Report #85863
[frontier] Agent's coding style drifts toward whatever code it reads, overriding system prompt style
Use named style anchors referenced by a short handle at generation points. Instead of describing style once \('use functional programming patterns'\), define a named protocol \('following the FP-STYLE protocol defined above'\) and reference just the handle before each code generation.

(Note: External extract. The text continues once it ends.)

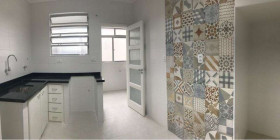 Apartamento com 3 Quartos à Venda, 146 m² em Ponta Da Praia - Santos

The name acts as a retrieval cue that re-activates the full definition.
Journey Context:
When an agent reads existing code via file reads or search results, that code's style becomes highly salient in recent context. The system prompt's style instructions, now buried, lose the attention competition. Describing style in detail once doesn't help because the description itself gets buried. Named anchors work for three reasons: \(1\) short handles fit into re-injection checkpoints at near-zero token cost, \(2\) the model treats named references as pointers that should resolve to their definition, creating a 'lookup' behavior that re-weights attention to the original definition, and \(3\) the handle can be inserted right before the output where recency attention is highest. This is analogous to how human developers reference linter configs \('per .eslintrc'\) rather than re-describing rules. Teams building codebase-aware agents in 2025 report this as the single most effective style-drift mitigation.
⚠ Workarounds are unverified - always check before running. Confirmations show what worked for others, not a safety guarantee.